Creative Commmons uses feed aggregation software to collect in one place CC blogs, jurisdictions blogs, and also blogs of people and organizations that are closely associated with or actively involved in the CC community.

The software we are using to do this is called Planet Venus, which is a major rewrite of Planet done by Sam Ruby. For more information and documentation on Planet Venus, please see the project's page.

CC has slightly extended Planet Venus via a few plugins. First of all, as licensing information is eminently important to CC, we have created a plugin that will pull license information from the feeds and make it available to the HTML templates. For an example of the output, take a look at the CC Planet. The plugin is a python script named get_license_name.plugin and can be viewed/downloaded at the cctools subversion repository at sourceforge.net.

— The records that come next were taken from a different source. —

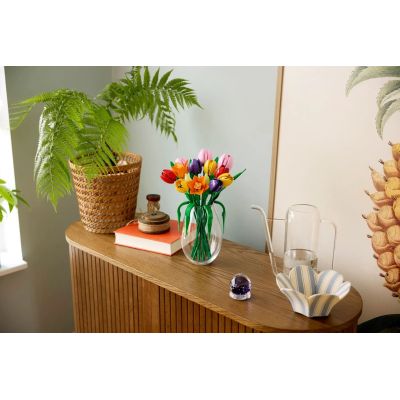 5. LEGO Botanical 11501 Tulip Bouquet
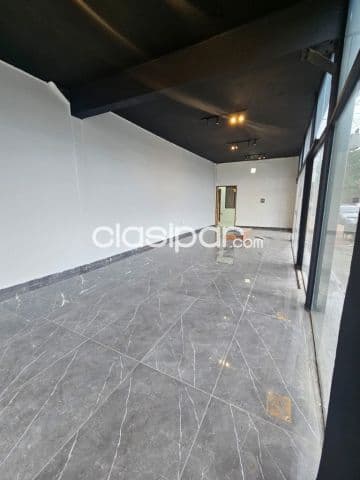 Salón comercial sobre Avda Rca. Argentina — foto 1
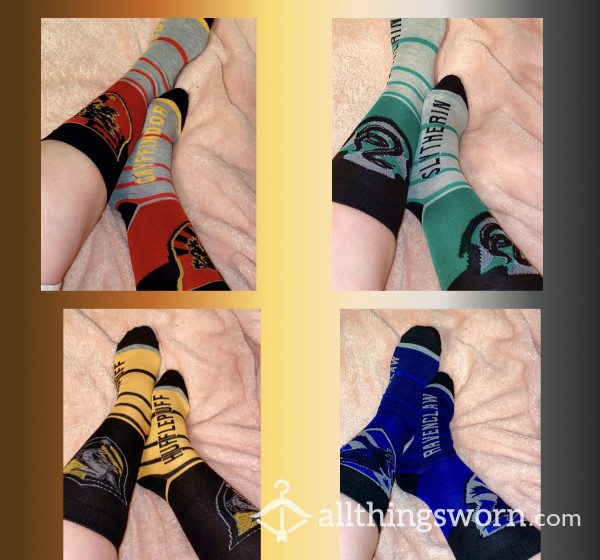 Hogwarts House Socks 🧦 *shipping Included In Price*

NOTE: the plugin only works for HTMLTMPL templates. XSLT and Genshi templates have full access to every feed element and therefore can extract licensing data directly.

The get_license_name.plugin requires a couple of semi-non-standard Python modules: Beautiful Soup and rdfadict. The plugin self documents to some extent via comments and in any case is not so big.

In order for the plugin to work, a small patch much also be applied to the Planet Venus code iteslf -- to a single file: planet/shell/tmpl.py. Most of the patch below is context and comments.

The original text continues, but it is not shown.